# Source information
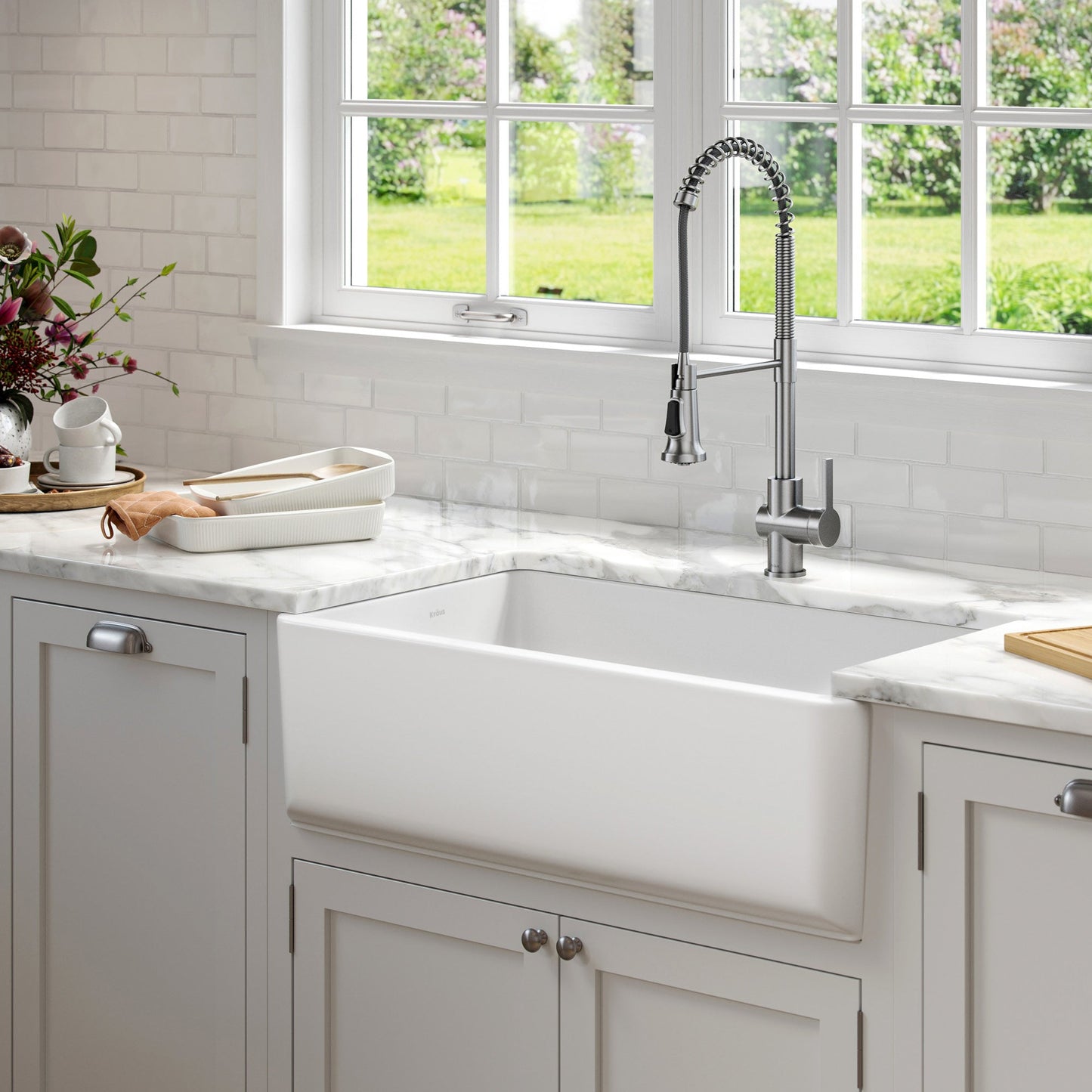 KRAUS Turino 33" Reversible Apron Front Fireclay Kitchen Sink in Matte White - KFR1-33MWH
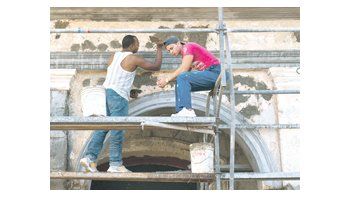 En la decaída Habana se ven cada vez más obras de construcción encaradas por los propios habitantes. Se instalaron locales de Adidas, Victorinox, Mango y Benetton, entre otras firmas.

* * *

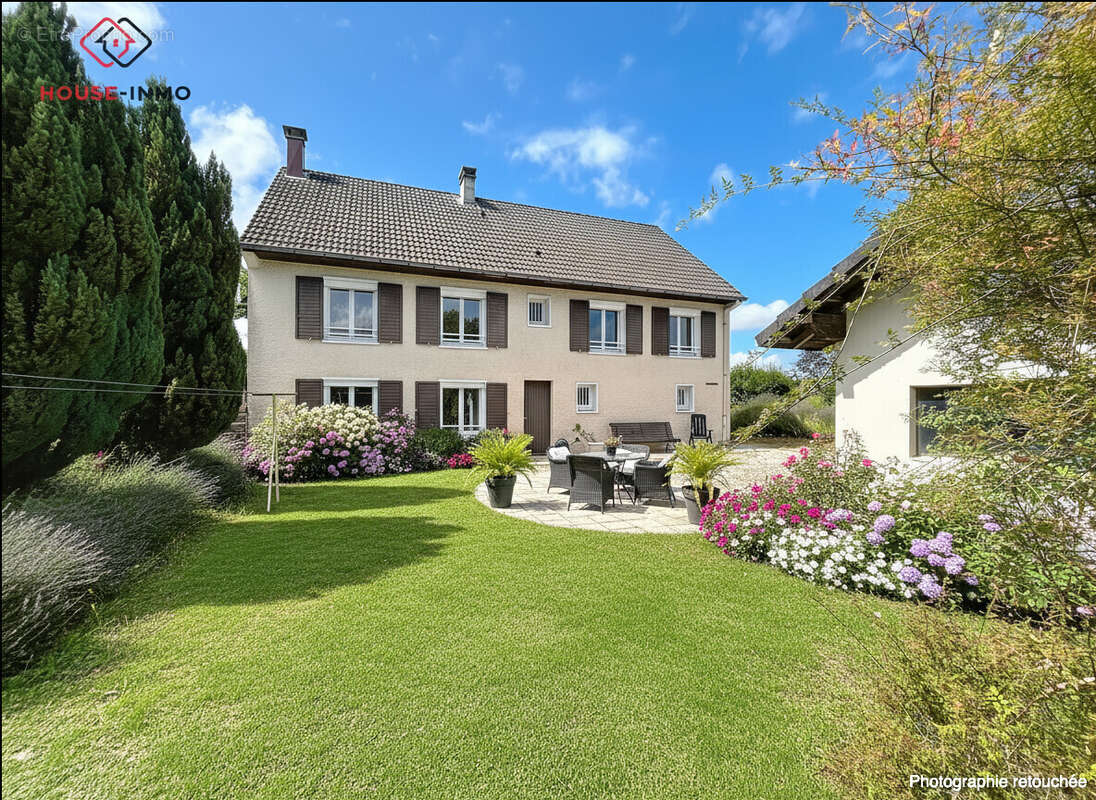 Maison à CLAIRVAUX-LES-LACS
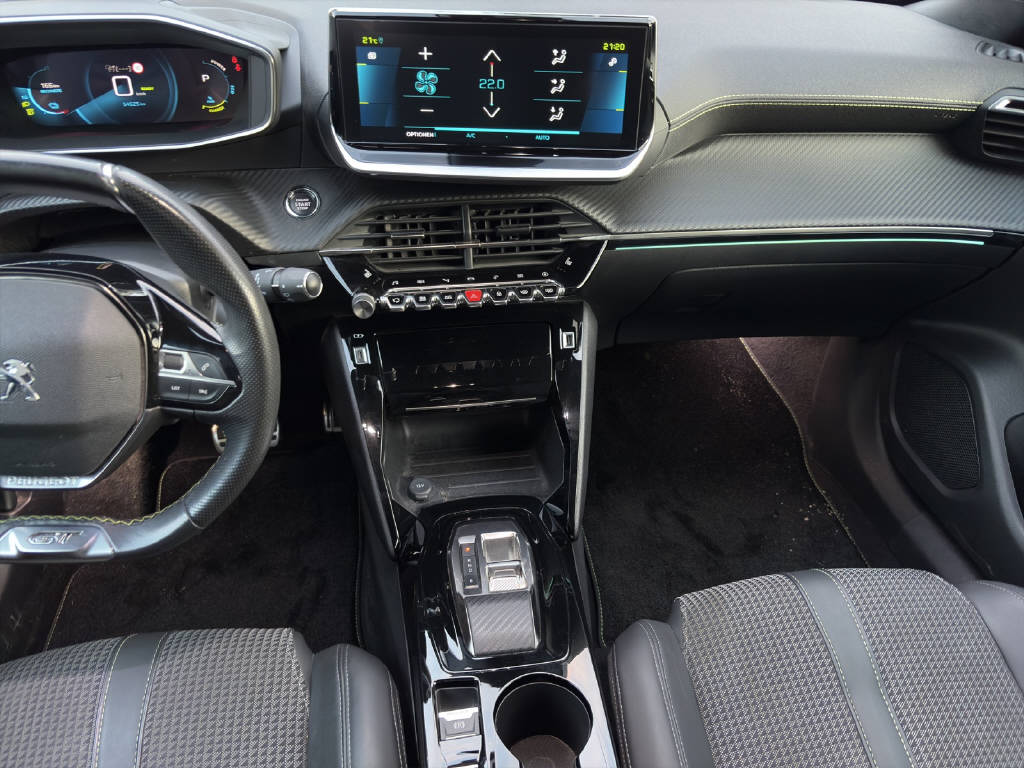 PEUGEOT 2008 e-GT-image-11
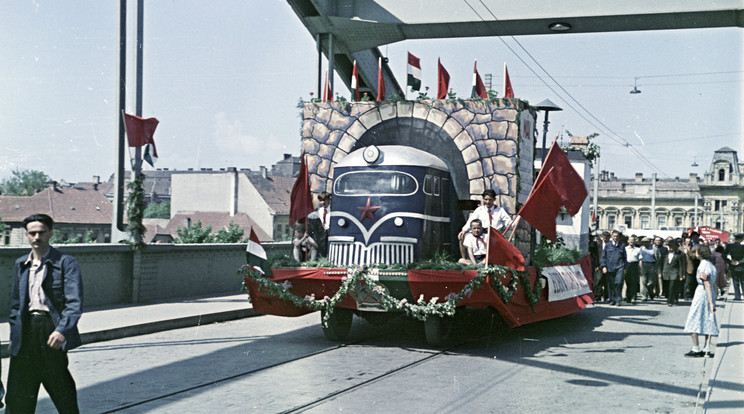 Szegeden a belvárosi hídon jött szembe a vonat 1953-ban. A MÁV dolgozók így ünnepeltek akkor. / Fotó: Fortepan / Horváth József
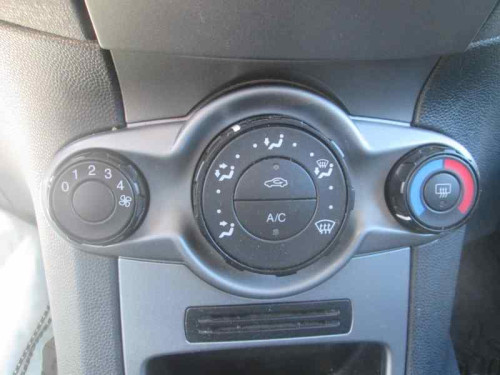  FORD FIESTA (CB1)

# Work order
Copy back exactly the lines above from the one containing "Maison à CLAIRVAUX-LES-LACS" through the one containing "FORD FIESTA (CB1)", and leave every picture behind.

# Task answer
 Maison à CLAIRVAUX-LES-LACS
 PEUGEOT 2008 e-GT-image-11
 Szegeden a belvárosi hídon jött szembe a vonat 1953-ban. A MÁV dolgozók így ünnepeltek akkor. / Fotó: Fortepan / Horváth József
  FORD FIESTA (CB1)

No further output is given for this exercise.